UBC Theses and Dissertations
Labour market outcomes of shifts in industrial composition in Brazil and Mexico Mardukhi, Jian
Conventionally, it is believed that wages are primarily determined by aggregate demand for labour, treating its industrial composition as irrelevant. E.g., while trade liberalization affects aggregate labour demand and its industrial composition by differently impacting within-industry labour demands, it is deemed to affect wages mainly through the former rather than the latter. In principle, given that industries pay differently to similar workers, compositional shifts that favour high premium industries, increase the likelihood of high-paying employment and raise the value of outside options for unemployed workers within skill-groups. Consequently, wages strategically increase in all industries. Chapters 1 and 2 explore whether after controlling for changes in aggregate demand for labour, shifts in its industrial composition play an important role in determining wages.
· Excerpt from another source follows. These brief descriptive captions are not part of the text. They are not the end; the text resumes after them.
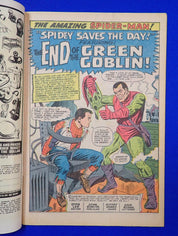 Amazing Spider-Man #40 (1966) - VG (4.0) - Green Goblin Origin - Tape on Spine
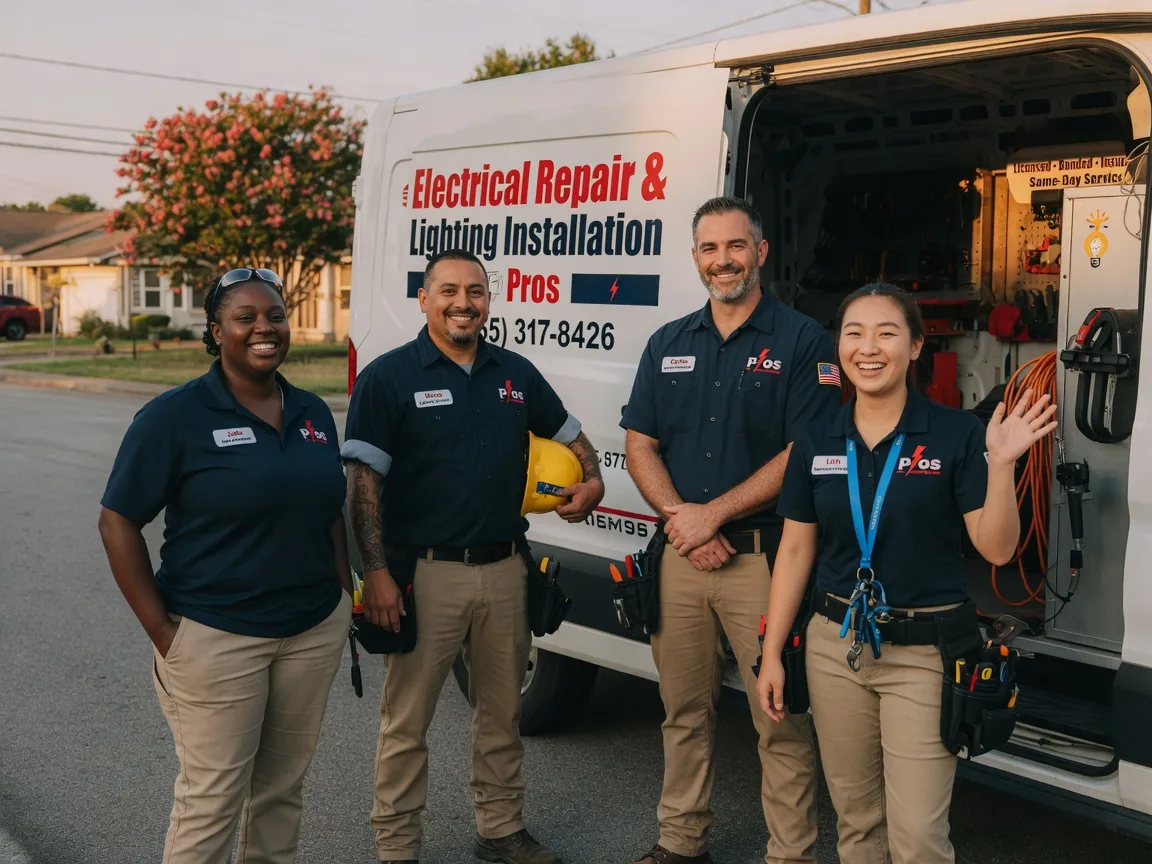 Licensed Electrician company in Horseshoe Bend, AR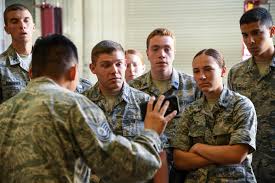 joining the airforce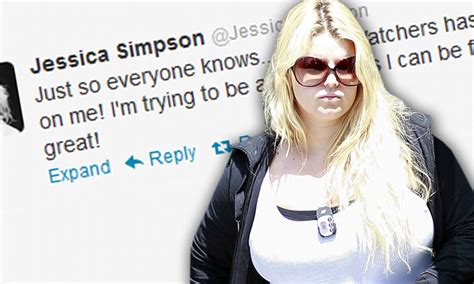 Jessica Simpson Says That Weight Watchers Hasnt Put Any Pressure On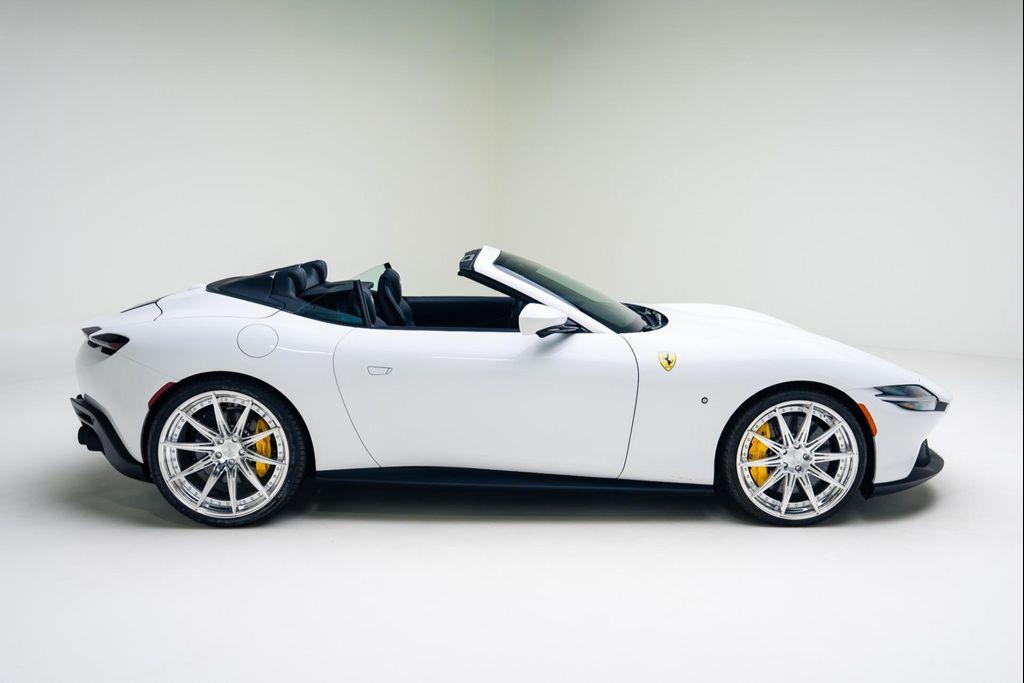 used 2025 Ferrari Roma Spider car, priced at $315,500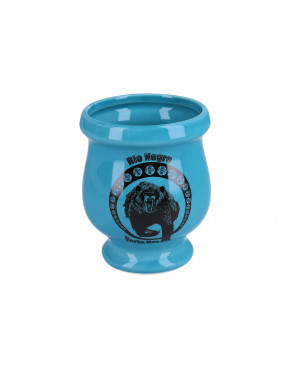 Matero Ceramico CALIZ niebieskie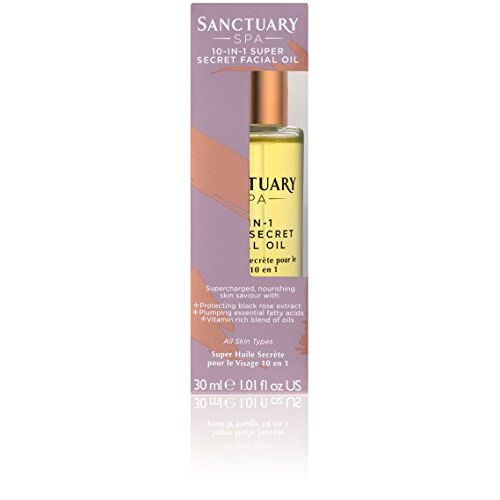 SANCTUARY Spa olie, 30 ml 10-in-1 Super Secret gezichtsolie.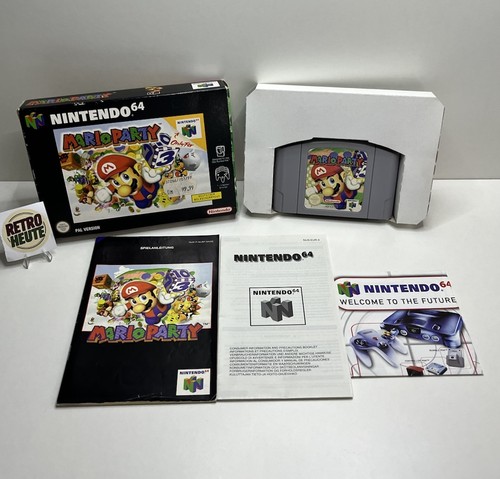 Mario party nintendo 64 - party,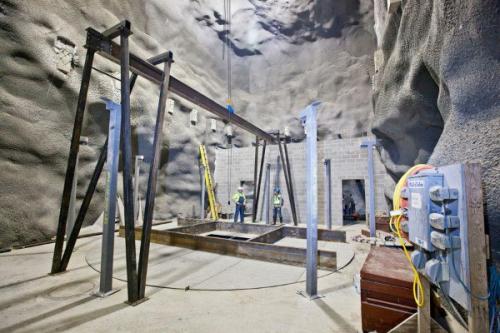 Уйти под землю чтобы увидеть солнце. 03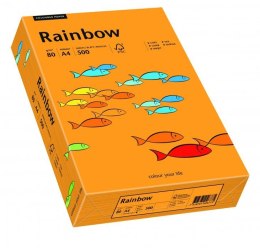 Papier ksero A4 80g 500 ark pomarańczowy R24 RAINBOW 88042431
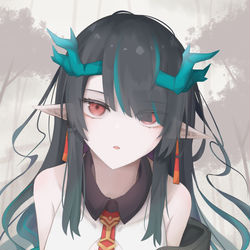 This is a pixiv picture whose title is Dusk.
Guided by the outcome of a general equilibrium model, exogenous, trade-induced variation in change in composition of local employment across cities in Mexico and Brazil during the 1990s is used to identify the associated causal wage effects, while controlling for changes in local demands for labour. It is found that shifts in industrial composition of local employment substantially impacts local sectoral wages. Not much is known about the reasons behind differences in self-employment rate across space. While differences in local factors might matter, such factors are also impacted by changes in self-employment rate, making identification difficult. Chapter 3 asks to what extent local wages and wage-employment rate are important in determining local self-employment rate. Building on the structure provided by a multi-city, multi-industry search and bargaining model of a labour market, the 1991 and 2000 waves of the Brazilian household census data are used to identify the long-term, causal effects of local employment rate and wages on local self-employment rate across Brazilian sub-national labour markets. Exogenous variation in local structures of wages and employment across Brazilian cities that were induced by trade liberalization of the 1990s in Brazil are used as the basis of the identification strategy. It is found that reallocation to self-employment from unemployment causally, and inversely, depends on local average wage and employment rate, and is substantially more responsive to changes in local wages.